= Gutenberg discontinuity =

Boundary between Earth's core and mantle

The Gutenberg discontinuity occurs within Earth's interior at a depth of about 2,900 km below the surface, where there is an abrupt change in the seismic waves (generated by earthquakes or explosions) that travel through Earth. At this depth, primary seismic waves (P waves) decrease in velocity while secondary seismic waves (S waves) disappear completely. S waves shear material, and cannot transmit through liquids, so it is believed that the unit above the discontinuity is solid, while the unit below is in a liquid, or molten, form. This distinct change marks the boundary between two sections of the earth's interior, known as the lower mantle (which is considered solid) and the underlying outer core (believed to be molten). The molten section of the outer core is thought to be about 700 C-change hotter than the overlying mantle. It is also denser, probably due to a greater percentage of iron. This distinct boundary between the core and the mantle, which was discovered by the change in seismic waves at this depth, is often referred to as the core–mantle boundary, or the CMB. It is a narrow, uneven zone, and contains undulations that may be up to 5–8 km wide. These undulations are affected by the heat-driven convection activity within the overlying mantle, which may be the driving force of plate tectonics-motion of sections of Earth's brittle exterior. These undulations in the core–mantle boundary are also affected by the underlying eddies and currents within the outer core's iron-rich fluids, which are ultimately responsible for Earth's magnetic field.

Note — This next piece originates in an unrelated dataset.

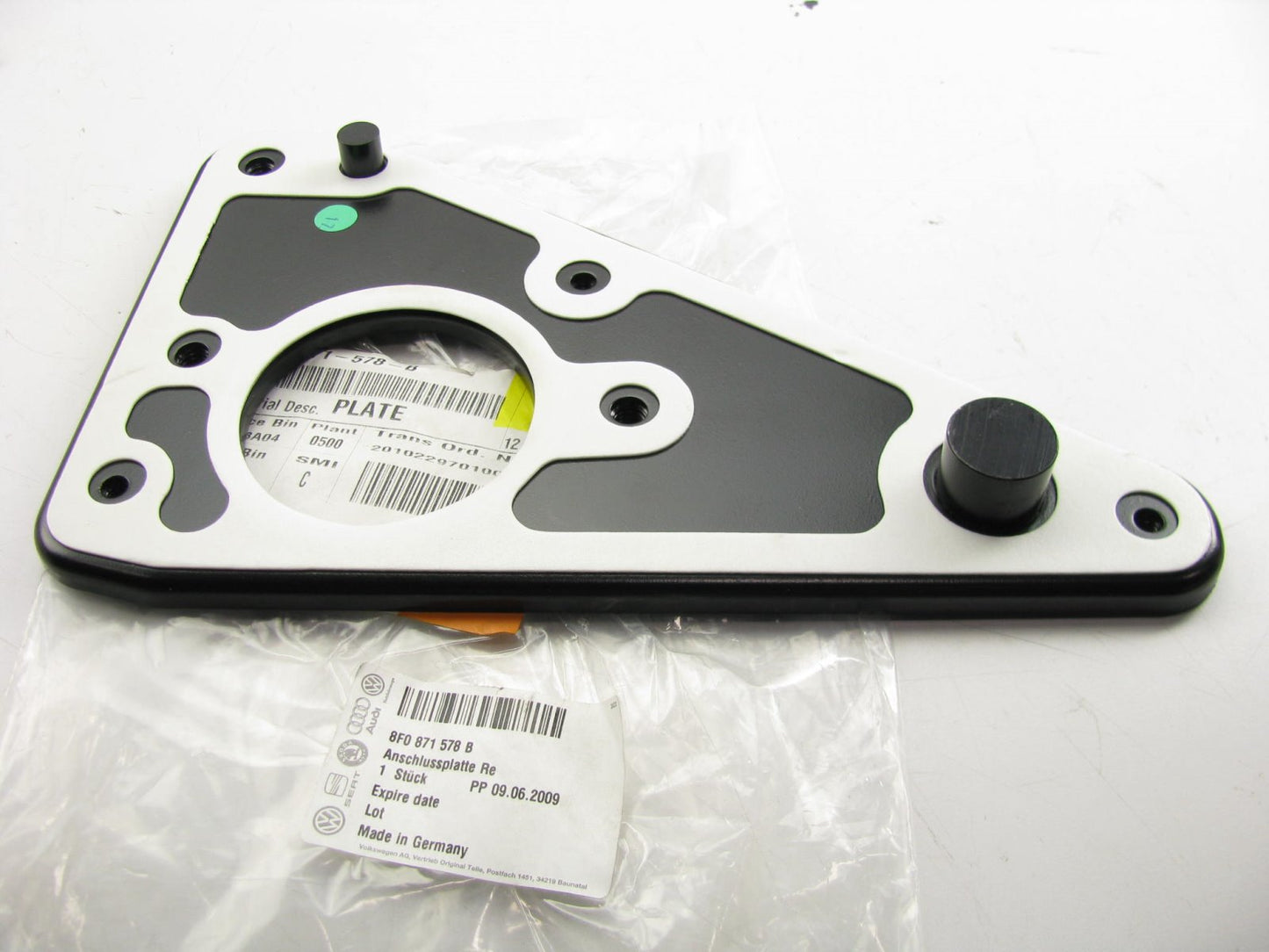 New OEM Right Passenger Side Convertible Top Mount Carrier Plate Audi 8F0871578B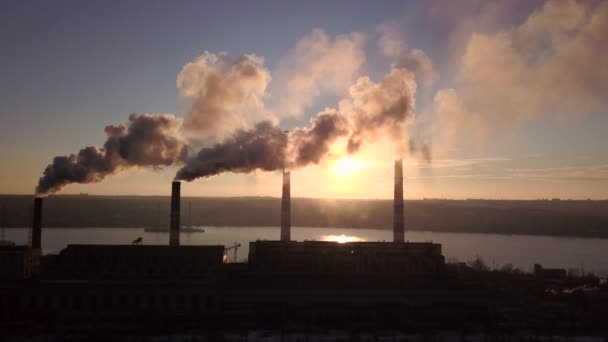 Füst gyárkémények, háttérben a naplemente ég 002 — Stock videók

The boundary between the core and the mantle does not remain constant. As the heat of the earth's interior is constantly but slowly dissipated, the molten core within Earth gradually solidifies and shrinks, causing the core–mantle boundary to slowly move deeper and deeper within Earth's core.

The Gutenberg discontinuity was named after Beno Gutenberg (1889–1960) a seismologist who made several important contributions to the study and understanding of the Earth's interior. It has also been referred to as the Oldham–Gutenberg discontinuity (after Richard Dixon Oldham), or the Wiechert–Gutenberg discontinuity (after Emil Wiechert).